O estupro se caracteriza quando há sexo vaginal, anal ou oral não consentido, na maioria das vezes envolvendo ameaça física. Enquanto apenas um homem pode cometer o ato de estupro, tanto homens como mulheres podem ser vítimas de estupro. A lei brasileira fala em “violência presumida” quando um adulto pratica sexo com menor de idade ou incapaz ou se a pessoa está sob efeito de drogas, ainda que ele seja “consentido”. A agressão sexual, portanto, nem sempre inclui violência física e sofre influências e variações locais, sociais e culturais. Via de regra, contudo, a agressão sexual compreende os diversos tipos forçados de relação sexual, de carícias inapropriadas, beijos e torturas de forma sexual.

Deve-se considerar que há apenas três situações em que uma pessoa tem acesso ao corpo de outra: no amor, na medicina e na briga. Nas duas primeiras esse acesso em geral é consentido e até mesmo desejado; na última, não. A agressão sexual envolve, pois, além das outras formas que possa assumir, quaisquer modalidades de toque sexual intencional no corpo de uma pessoa, sem o seu consentimento. Isso tanto significa que a pessoa não concorda com elas por sua livre escolha como que não tenha liberdade ou capacidade de rejeitá-las, acabando por “ceder” mediante pressão, ameaça, chantagem, etc.

O que é abuso sexual?

A prática de atos sexuais, incluindo a relação sexual, é considerada prejudicial para o desenvolvimento de crianças e adolescentes muito jovens e quando praticados por um adulto é considerada como abuso sexual e penalmente punido. Do ponto de vista legal, é irrelevante alegar que não tenha sido empregada qualquer forma de violência ou coação e que a criança tenha consentido ou mesmo desejado o ato. Estas práticas muitas vezes são impostas às crianças ou adolescentes através de violência física, ameaças ou, em alguns casos, induzindo-as ou convencendo-as.

No abuso sexual, a criança ou o adolescente é despertado para o sexo precocemente, de maneira deturpada e traumática, ficando com marcas para o resto da vida. Essas marcas podem ser físicas, psíquicas ou ambas. Quase sempre o abusador pratica algum ato sexual físico com a vítima, mas pode haver abuso sexual sem toque físico. Em casos de abuso sexual físico, os responsáveis pela criança devem estar alertas para a possibilidade de doenças sexualmente transmissíveis, o que significa também risco de contaminação pelo vírus1 da AIDS. Com crianças ou adolescentes do sexo feminino precisa-se estar atento também à possibilidade de gravidez2.
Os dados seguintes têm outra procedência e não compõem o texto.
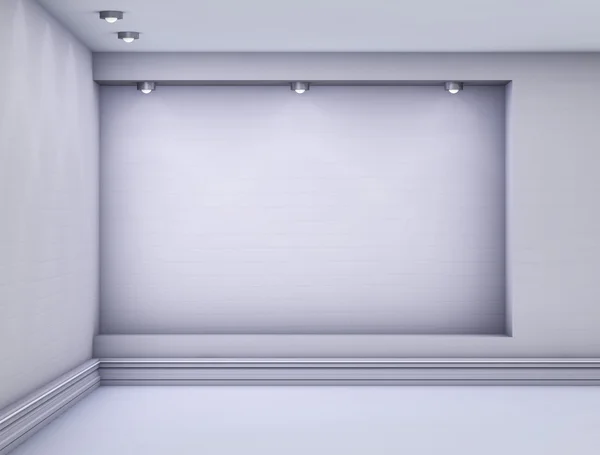 3D prázdný výklenek s reflektory pro výstavu v šedý interiér. — Stock fotografie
Nos abusos sem contato físico, os abusadores podem se limitar a palavriado oral ou a espiarem suas vítimas enquanto tomam banho ou trocam de roupa, por exemplo. O abusador de tipo exibicionista é aquele que expõe seus órgãos sexuais para suas vítimas. Alguns abusadores veem fitas ou revistas pornográficas com suas vítimas, quase sempre despertando nelas uma sexualidade precoce e deturpada. Muitos abusadores, ante à eminência de serem descobertos podem praticar atos de desatino e até mesmo criminosos contra suas vítimas.

ABCMED, 2015. Agressão sexual: saiba o que é e como acontece. Disponível em: <https://www.abc.med.br/p/psicologia-e-psiquiatria/807144/agressao-sexual-saiba-o-que-e-e-como-acontece.htm>. Acesso em: 18 fev. 2019.
Nota ao leitor:
As notas acima são dirigidas principalmente aos leigos em medicina e têm por objetivo destacar os aspectos mais relevantes desse assunto e não visam substituir as orientações do médico, que devem ser tidas como superiores a elas. Sendo assim, elas não devem ser utilizadas para autodiagnóstico ou automedicação nem para subsidiar trabalhos que requeiram rigor científico.

Complementos

1 Vírus: Pequeno microorganismo capaz de infectar uma célula de um organismo superior e replicar-se utilizando os elementos celulares do hospedeiro. São capazes de causar múltiplas doenças, desde um resfriado comum até a AIDS.
2 Gravidez: Condição de ter um embrião ou feto em desenvolvimento no trato reprodutivo feminino após a união de ovo e espermatozóide.